Sporadic rain in the Moose Jaw area continues to dog farmers.
© Times-Herald photo by Nathan Liewicki
Fields covered by water, like this one about 15 km north of Moose Jaw, is one of the reasons the spring seeding schedule on Saskatchewan farms is still not complete.
“In this area we have gotten quite a lot of rain every couple of days,” said Shannon Friesen, a regional crop specialist for Saskatchewan Agriculture. “Every time farmers get going, the rain comes along and stops them for another day or two.”
The weekly crop report notes 78 per cent of crops in the province have been seeded, up slightly on the five-year provincial average (2009-2013) of 76 per cent.
The crop district that encompasses the Friendly City has only seeded 75 per cent of crops. However, this time last year only 66 per cent of crops had been seeded in the Moose Jaw area.
Friesen told the Times-Herald that in recent years all of the provincial crops are typically in the ground by mid-June.

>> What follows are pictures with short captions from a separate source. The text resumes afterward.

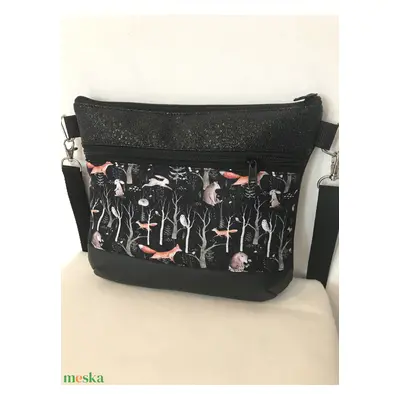 Crossbody róka-erdei állatok mintás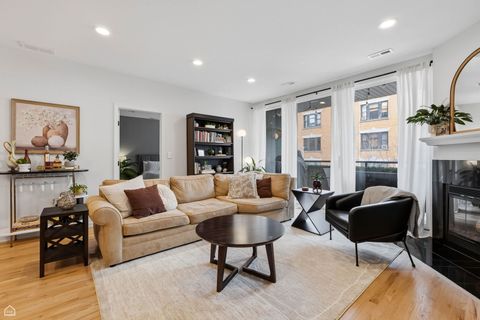 Tiny photo for 835 W Diversey Parkway #5, Chicago, IL 60614 (MLS # 12617374)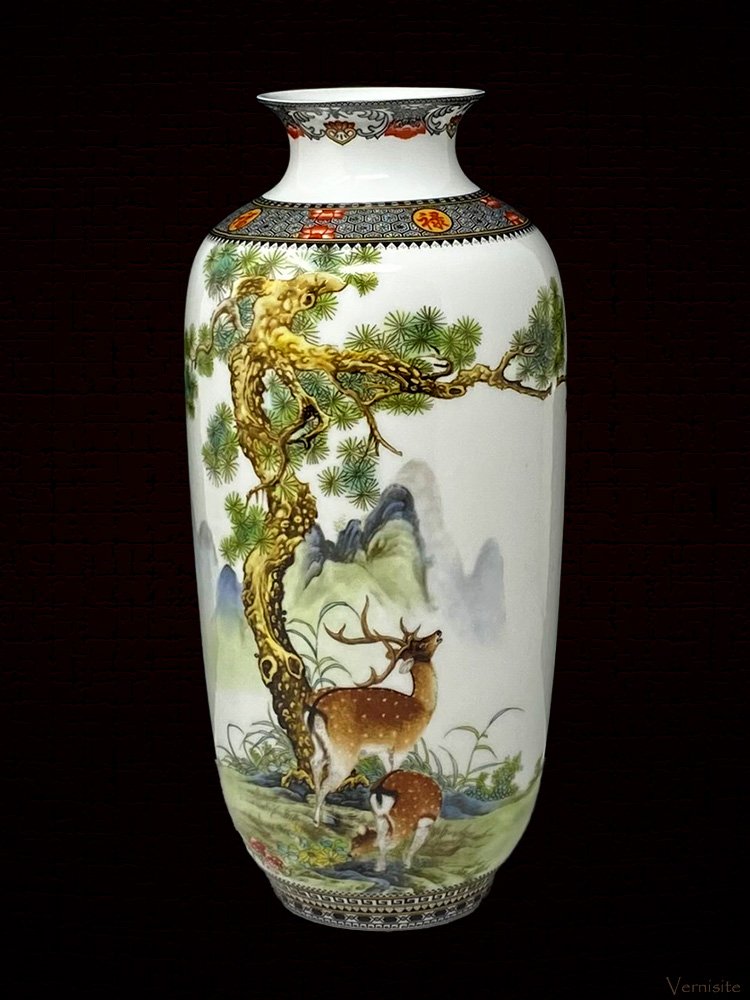 Deer in Nature Painted Vase - Chinese Art Decor Piece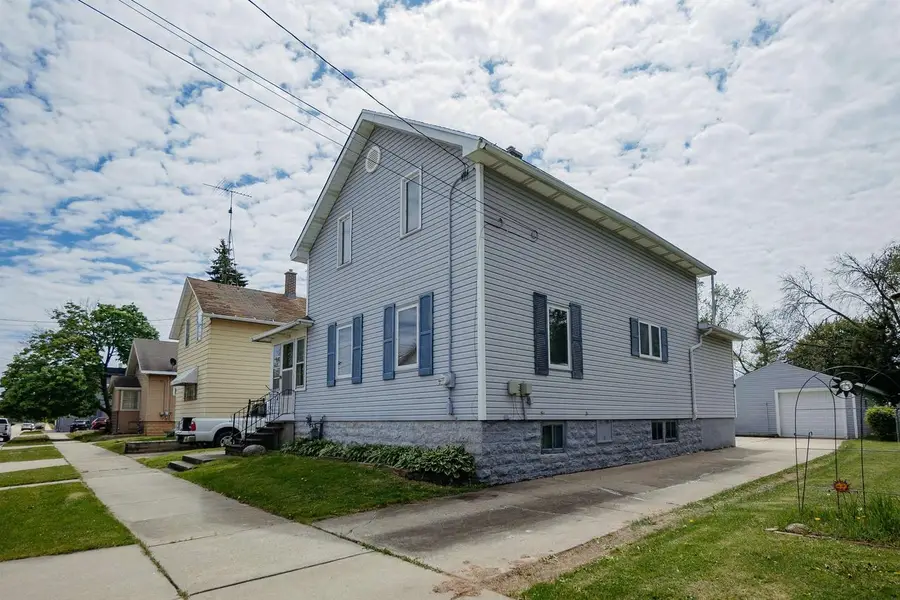 1029 W 7TH AVENUE, Oshkosh, WI 54902 - #3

“Even five to 10 years ago it would usually wrap up by the end of May, but the last couple of years it’s been quite wet with later springs,” said Friesen. “Typically around mid to late June is typically when seeding has wrapped up.
“Hopefully it’s completed in the next two weeks, but if we continue to get the rainfall that we have, certainly some of the seeding may extend into the latter parts of the month.”
A dose of warm, dry weather would obviously be of great benefit to producers so as to attain that goal.
“It’s amazing how many acres (producers) can seed when the weather turns nice,” said Friesen.
Despite the slow seeding process this spring, the majority of crops are in good condition. Those that have received damage have been the result of flooding, hail, wind and insects, such as flea beetles.
“Fortunately a lot of our crop isn't up and in full development yet, so a lot of the damage has been minimal so far,” said Friesen. “In terms of fleas beetles, that's an issue that we don't see every year, but because the crop is a bit delayed some producers in the province that are spraying for them.”